Due to the rise in privacy defence regulations such as the GDPR and CCPA, businesses need to protect the data they receive and have a process to delete the data. Unfortunately, disorganized data cleansing and sloppy adherence to data governance can make it impossible for some organizations to comply with data deletion requests fully. They do not have good management in all the places where data points. Data could be host. When done correctly, data deletion works like this:

  • Original data: John Smith
  • Deleted : [no data]
  • Not deleted : n/a
  • Access: the data is non-existent. The end-user never saw the data existed.

Authentication

Authentication remains the process through which users identify themselves and can access information. For some systems, it is a password; for others, it may be a biometric indicator, such as fingerprints or facial scanning. Authentication unlocks locked data for use through authorized parties. It applies at the network, application, or file level.

Access Control

Organizations can control which users see which data by establishing user groups and also, role-based access methods. It ensures that employees who need to view sensitive data are appropriately authorized. Access control is set in most data compliance regulations to prevent, for example, a receptionist in a doctor’s office from seeing a patient’s entire medical record, rather than just the insurance information that is need to register and schedule patients.

Backups and Recovery

Backup and also, recovery refer to how you store data and how you will restore it in the event of an incident. Like consumer-grade services that protect you if you mistakenly delete a file or lose your phone, enterprise-grade backup means separating data into secure places to provide redundancy. If one location fails, the other location wakes up with an exact data image. Organizations use the Recovery Point Objective (RPO) and Recovery Time Objective (RTO) metrics to determine what data is recover and how long it takes to recover.

Data Resiliency

Data resiliency refers to how quickly you can recover and also, restore operations in the event of a data breach. It was achieve by deploying multiple servers in different locations in the past. However, after the recent global crisis, many organizations are face with data centres that they cannot access. For this reason, they consider cloud-based alternatives that can be manage remotely, have automatic failover, and don’t require significant upfront capital investments.

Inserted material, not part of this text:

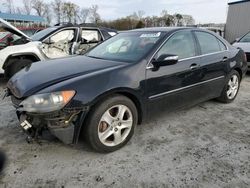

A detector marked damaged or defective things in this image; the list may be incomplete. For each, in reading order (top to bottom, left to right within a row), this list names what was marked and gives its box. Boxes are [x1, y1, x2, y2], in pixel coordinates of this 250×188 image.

wrecked car [0, 18, 117, 77]
wrecked car [6, 26, 247, 153]
damaged front bumper [12, 97, 89, 144]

The Benefits of Data Security

Maintaining a defined data security plan protects the entire organization. Small businesses that experience violations often go out of business within a year and also, spend an average of $200,000. And for those in the aftermath of a data breach, there will be a huge financial hole around the increased resources and staffing it took to recover from a technology and also, business perspective.

With a firm data security policy, organizations build trust, save resources, and avoid disrupting business by having to handle a breach or outage.

Conclusion

Security is protection from, or resilience against, the potential harm caused by others by restraining the freedom of others to act. Beneficiaries of security may remain persons and also, social groups, objects and institutions, ecosystems or any other entity or phenomenon vulnerable to unwanted change.